Einen ungewöhnlichen Blick auf Friedrich II. erlaubt uns zunächst Autor Jürgen Luh: Er folgt in seinem Buch nämlich nicht, wie sonst üblich,  der Chronologie des Lebens, sondern beschreibt den Preußenkönig anhand bestimmter Eigenschaften: Ruhmsucht zum Beispiel, oder Eigensinn. Die These des Historikers, der bei der Stiftung Preußische Schlösser und Gärten in Potsdam arbeitet, lautet: Friedrich der Große hatte vor allem eines im Sinn - unvergänglichen Ruhm. Das war, so schreibt der Autor, seine wesentliche Antriebskraft. Friedrich habe sich schon früh zu Höherem berufen gefühlt und ein Großer sein wollen, nicht nur für seine Zeitgenossen, sondern auch für die Nachwelt.

Der Dichterkönig

Luh zitiert aus Briefen des Kronprinzen und späteren Monarchen, er lässt ihn auch durch seine Gedichte sprechen. Friedrich war, wie er selbst sagte, süchtig nach Reimen. Luh beleuchtet die Beziehung zum französischen Philosophen Voltaire und bezeichnet diese als reines Zweckbündnis - wiederum zum höheren Ruhme. Von beiden allerdings! Kritisch wird der Ruhm Friedrichs als Feldherr und Politiker beleuchtet. Das Buch des Potsdamer Historikers ist daher nicht nur kenntnisreich, sondern zeichnet sich durch große Anschaulichkeit und kluge Gedanken aus. Eine gewinnbringende Lektüre.

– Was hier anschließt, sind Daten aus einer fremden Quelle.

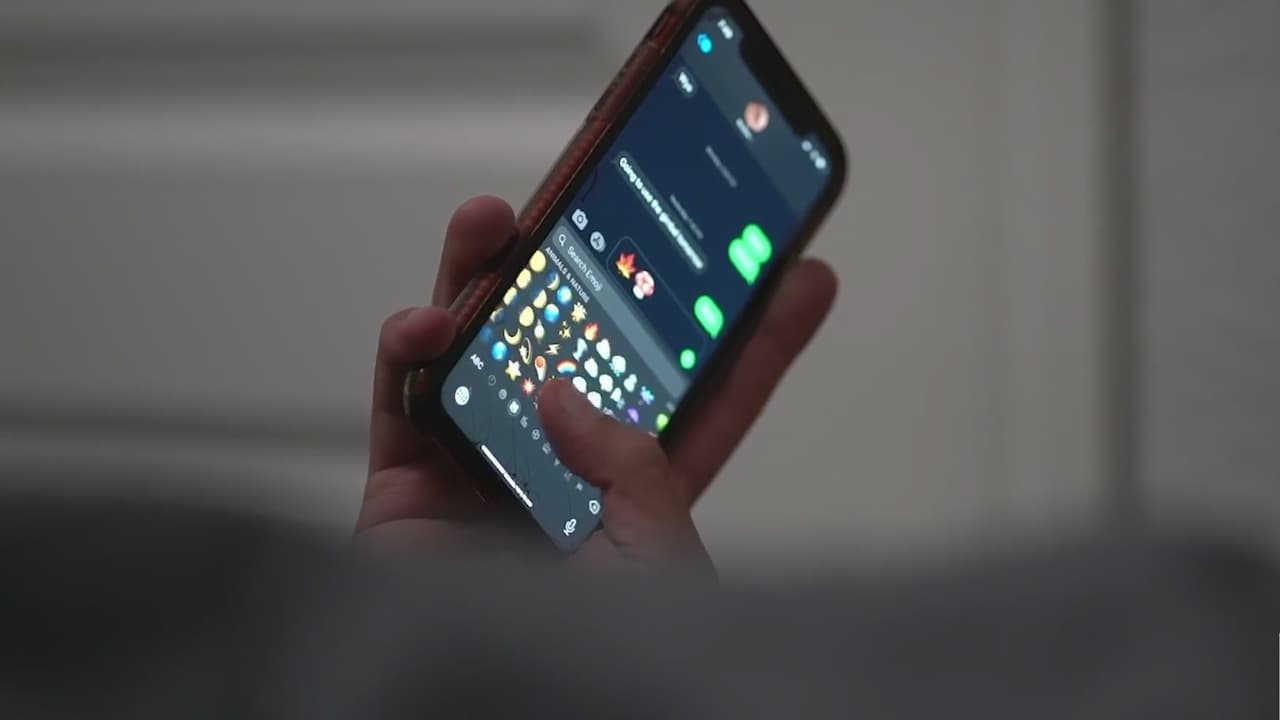 Detectan códigos de emojis en redes sociales entre jóvenes que buscan comprar y vender drogas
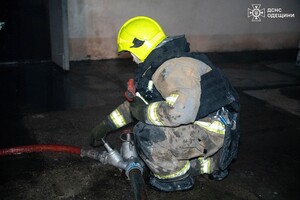 Ночью РФ атаковала Одессу БПЛА: есть повреждения домов и железнодорожных объектов фото 12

Buchcover "Friedrich der Große" von Jürgen Luh
Bild: DVA Verlag

Friedrich, der Vielseitige

Darf man Friedrich II. feiern, ja, darf man ihn heutzutage überhaupt noch "den Großen" nennen? Dieser Frage geht der Historiker Tillmann Bendikowski nach, und er beantwortet sie unumwunden mit ja. Der Autor hat eine klassische Biographie vorgelegt und spannt den Bogen vom "Leid der frühen Jahre" bis zum Tode des Monarchen, den er mit differenziertem Blick schildert. Friedrich als ein Multitalent, vielseitig interessiert und begabt, mit künstlerischen Interessen, sozialen Neigungen, volkstümlich und tolerant – aber eben auch der unnachgiebige Feldherr und Militär.

Die Hälfte seines Buches freilich widmet Bendikowski der facettenreichen Rezeption des Preußenkönigs und den Fragen, wer die historische Figur für welche Zwecke instrumentalisiert, ja missbraucht hat und wann. Das liest sich spannend und gelegentlich auch komisch. So hieß es etwa kurz nach dem Tod des Monarchen –- der übrigens einen Kursverfall der Wertpapiere an der Londoner Börse zur Folge hatte -  "Gott sei Dank, das alte Ekel ist endlich tot." Friedrich war nicht mehr beliebt. Kein Wunder, er hatte sich vom feinsinnigen, kunstverständigen und toleranten jungen Regenten  in einen autoritären Tyrannen und knorrigen Feldherrn gewandelt. Was dann aber geschah: Von der Vereinnahmung durch konservative Kräfte des 19. Jahrhunderts, über die brodelnde Gerüchteküche (war "der Große" etwa homosexuell?), den Streit um das königliche Reiterstandbild von Christian Daniel Rauch bis hin zum "Großen König der Nazis" und schließlich die Wirrungen um Friedrichs Umbettung 1991 in Sanssouci – das ist wirklich sehr lesenswert. Bendikowskis Fazit: Keine Wiederbelebung, Friedrich der Große als politisch-historische Überfigur ist tot. Eine Auferstehung hat es nicht gegeben. Friedrich ist samt seinem Schloss eine Touristenattraktion geworden.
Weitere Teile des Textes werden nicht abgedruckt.